DOMINIC MURCOTT – Head of Composition, Trinity Laban

CS: What are the joys of this competition, in your view?

DM: Well, first, anyone who enters gets a performance. For me, the tradition of a lot of classical music competitions (the most heinous being the orchestral competitions) is problematic: you pay £25 and you send in the piece that has taken you two years to write, and then they let you know if you’ve won or not. The world must have a lot of garages containing folders of unplayed pieces! I always think this is a disappointing way of running a competition. The joy of this one is that anyone who enters actually works with the pianist and gets their work played.
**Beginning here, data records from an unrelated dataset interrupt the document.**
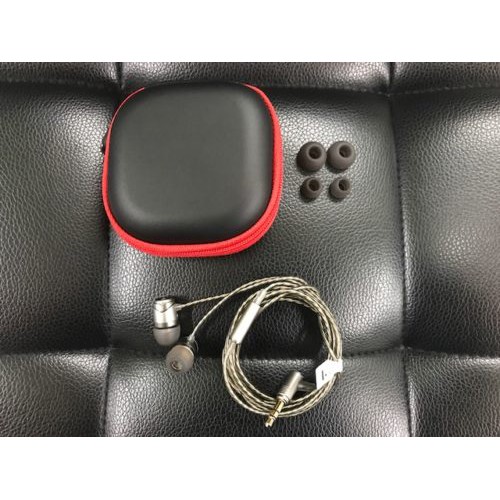 SoundMagic E11C Garansi Resmi 1 Tahun Sound Magic E11 C In Earphone With Mic + Volume Control / Headset / Handsfree Mikrofon / Earphones Microphone / Hifi Audio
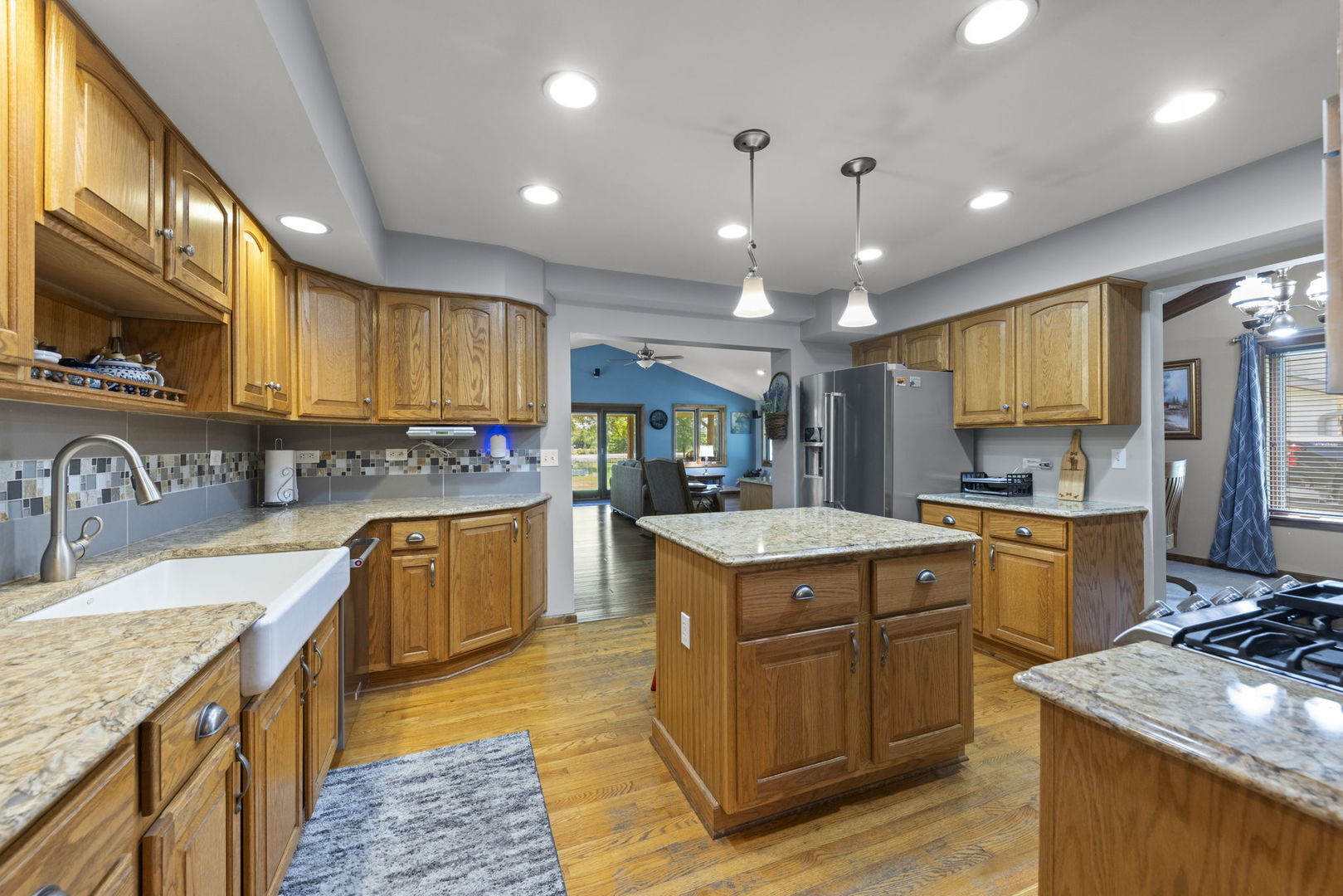 11S699 Schillinger Drive, Naperville, IL 60564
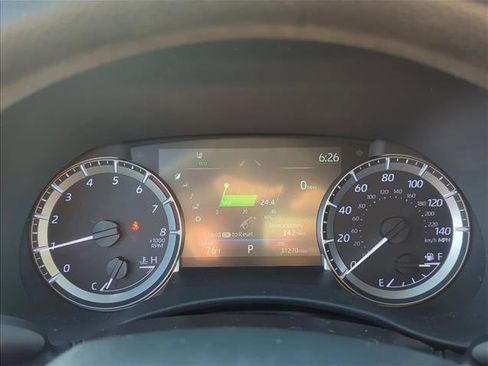 Used 2023 Toyota Highlander L FWD image 17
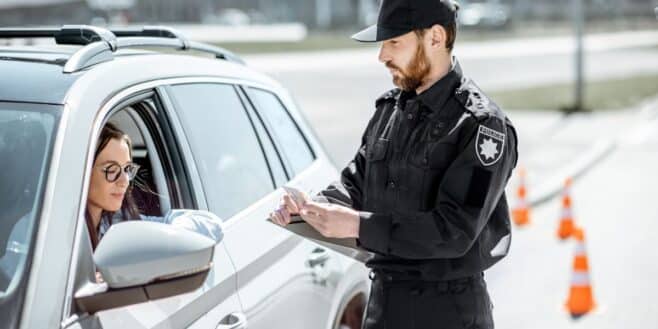 Cette mauvaise habitude en voiture peut vous coûter 18 000 € d'amende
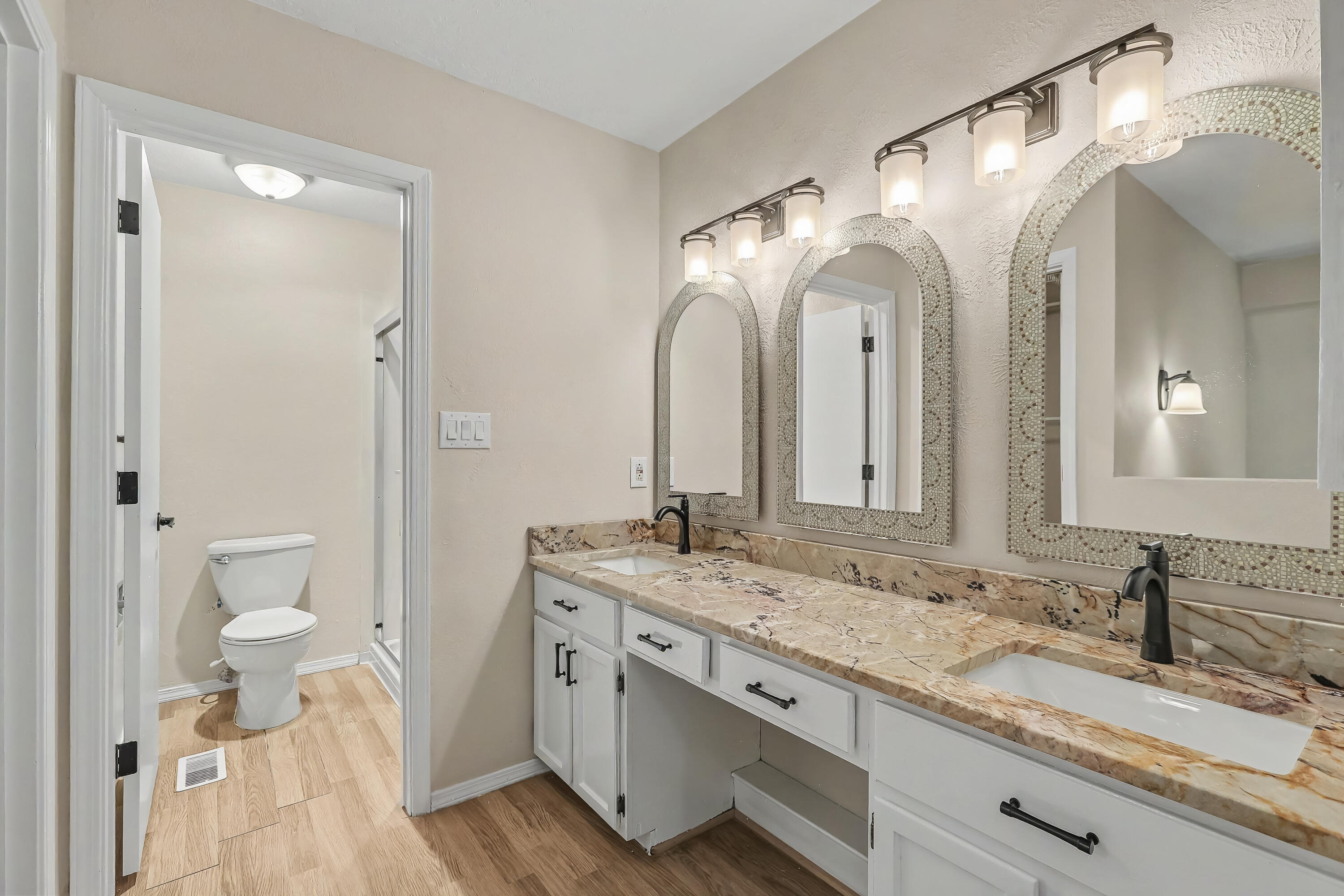 Photo 15 — 6016 Whisperwood Court NE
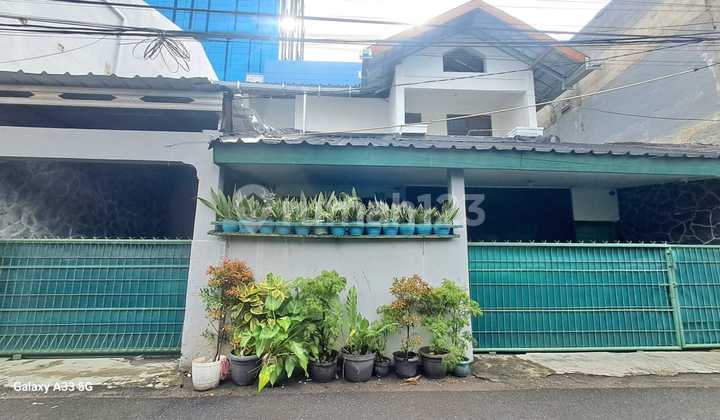 Rumah Strategis di Kebon Jeruk Rumah Strategis di Kebon Jeruk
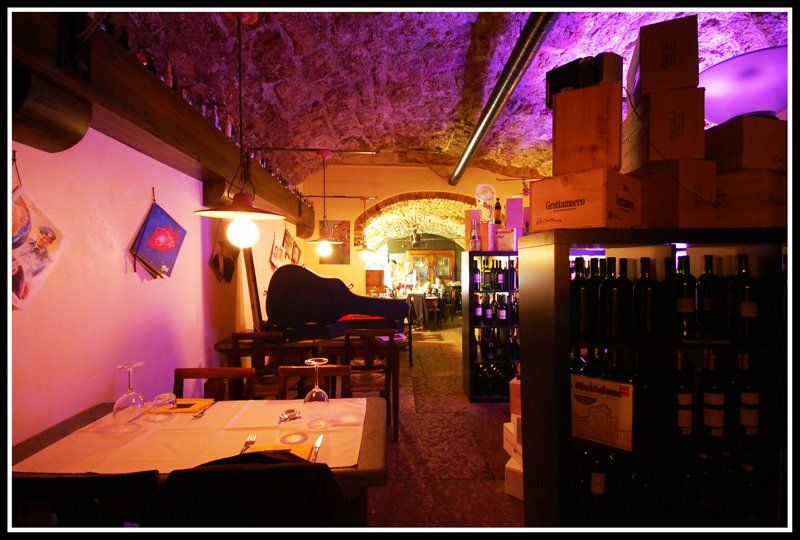 Immagini Enoteca / Wine Bar Cantina Santa Giustina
The other great thing about it is that it demands a relationship with the pianist. In professional life, especially as you get into orchestral writing, that relationship with a performer disappears, and it all becomes narcissistic, about the composer’s own experience. The nice thing about this is that to do it well, you have to build a relationship with the player. You can’t help but benefit from that. Whether you win or not, it doesn’t matter: you’ve developed this relationship, you’ve had a piece played, and you’ve learnt not only about yourself as a composer but about the performer as well.

CS: Any negative aspects?

DM: Well, you know, writing music is hard. Some people find writing music easy, but I know some very successful composers who find it hard. So for the (generally) young people who enter this competition, it’s challenging! They’re self-critical, they feel under pressure from all quarters, and so there’s just that emotional challenge of creating something and then putting yourself up for critique.
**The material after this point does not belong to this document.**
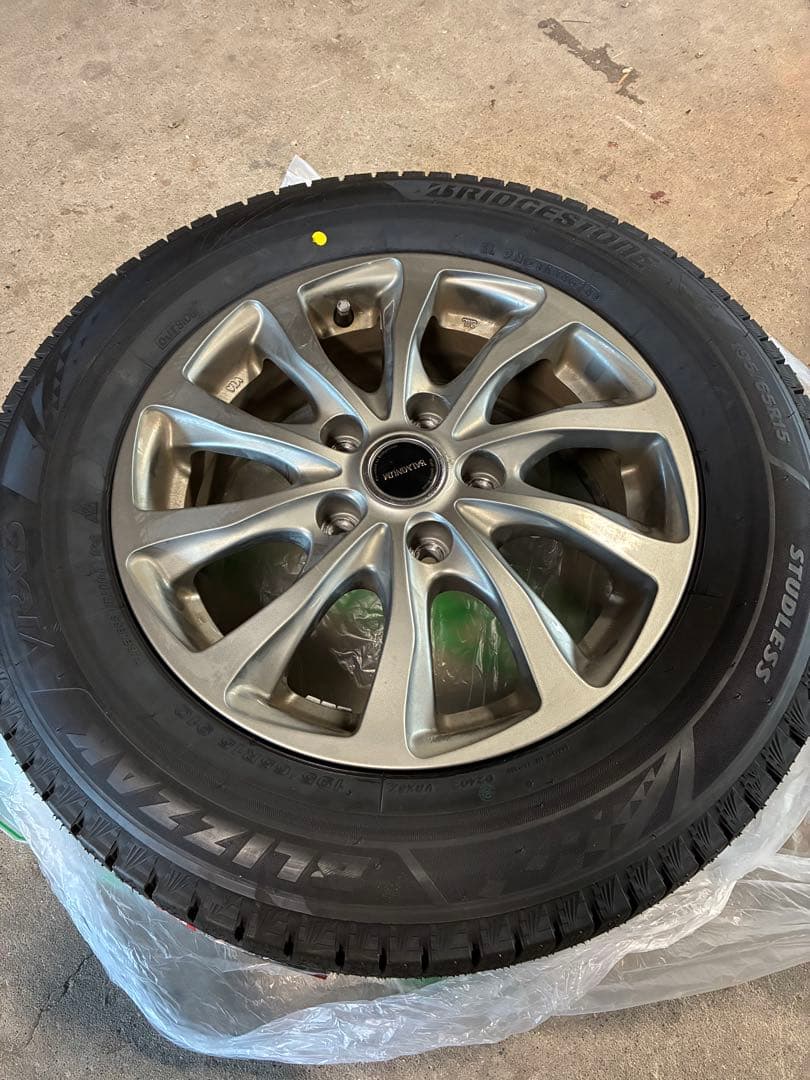 BLIZZAK VRX3 インチ スタッドレスタイヤ　195 65R 15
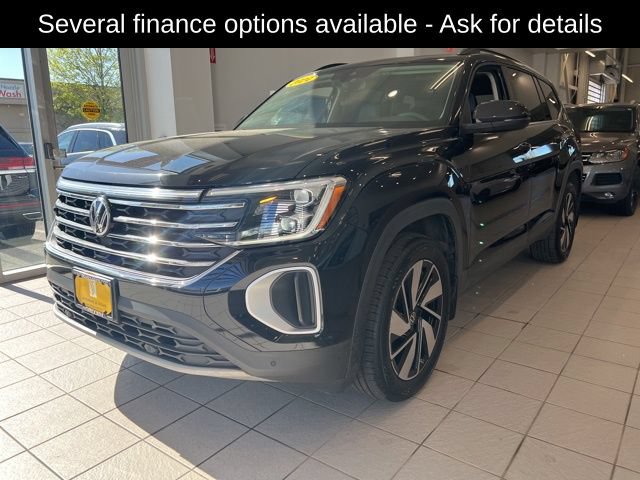 Used 2024 Volkswagen Atlas SE w/ Panoramic Sunroof Package AWD/4WD image 3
Competitions are weird things – they’re not true. It’s rather like the issue of marking, which is something we’ve been doing a lot of work on at TL recently. You know, marking isn’t ‘true’, it’s a considered opinion that has gone through a process. Maybe if you get enough marking by enough different people, you could approach something that could feel like truth, but a single exam is not truth, and a single competition is absolutely not truth because it’s someone’s opinion. The prize will go to the piece that the adjudicator likes, and that’s fine, as long as people can separate personal sleight from just the fact that someone liked someone else’s music more than yours because it fitted their own model more than yours did.
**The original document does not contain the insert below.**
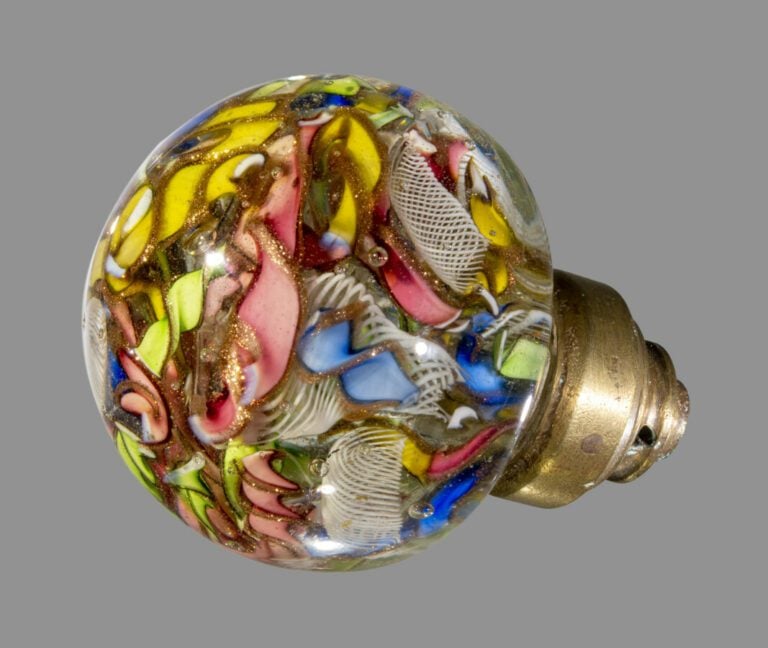Murano.Poignée de porte à décor de couronne de torsades de différentes couleurs…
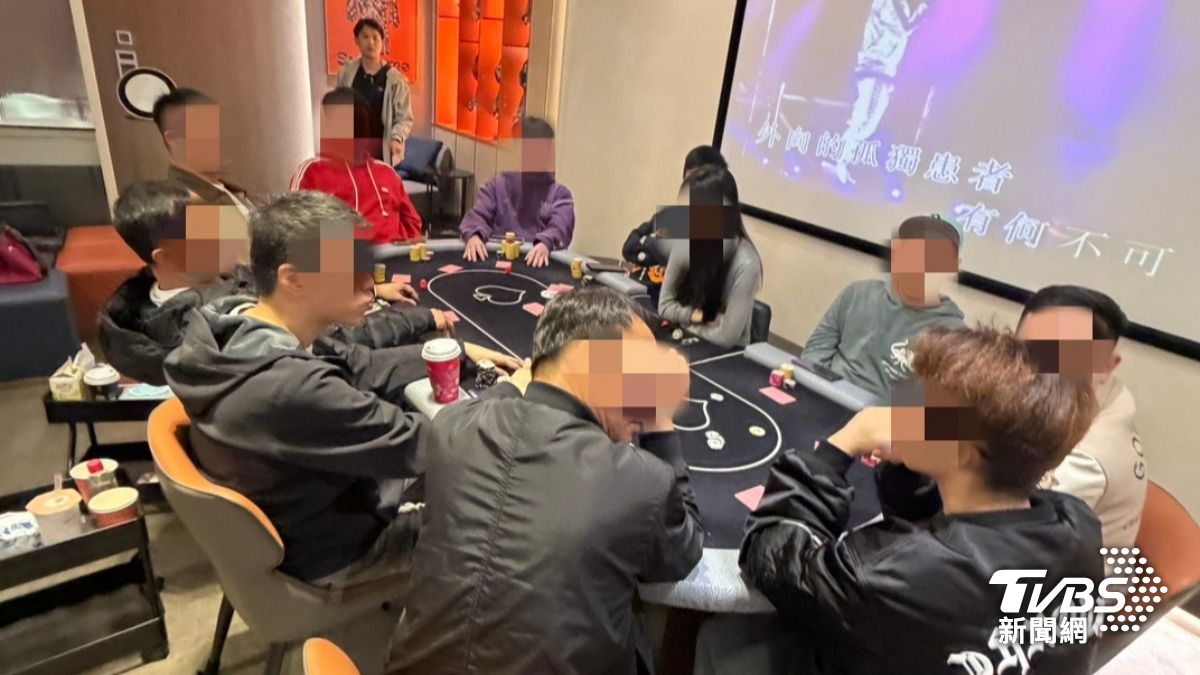 警方查獲賭場，查扣籌碼現金、逮13人。（圖／TVBS）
CS: Is it a challenge to compose for the piano?

DM: We could imagine a time where anyone who studied composition at a conservatoire had to be a fine pianist. Arguably it would be a nice place to go back to. But the truth is, today, our composers are hardly pianists at all. I’m certainly not! Writing for the piano when you’re not a pianist is really hard. It is actually a mystery instrument. So yes, it is a real challenge. If you write for the harp, you know, composers get away with writing great ideas but using terrible technique – it’s almost accepted that hardly any one writes well for the harp! Whereas with the piano, there’s an expectation of doing it well, pianistically. So it’s easy to forget how hard it is to write for the piano.

DOUGLAS FINCH – Professor of Piano and Composition, Trinity Laban

CS: Why is this competition special?

DF: Well, almost every year, the adjudicator comments that it’s fantastic, because it doesn’t exist anywhere else in the UK. It is unique. It has been held every year for at least 15 years, and in that time, we’ve never cancelled one – there has always been enough people to do it! Plus, it’s open to the public to come and listen.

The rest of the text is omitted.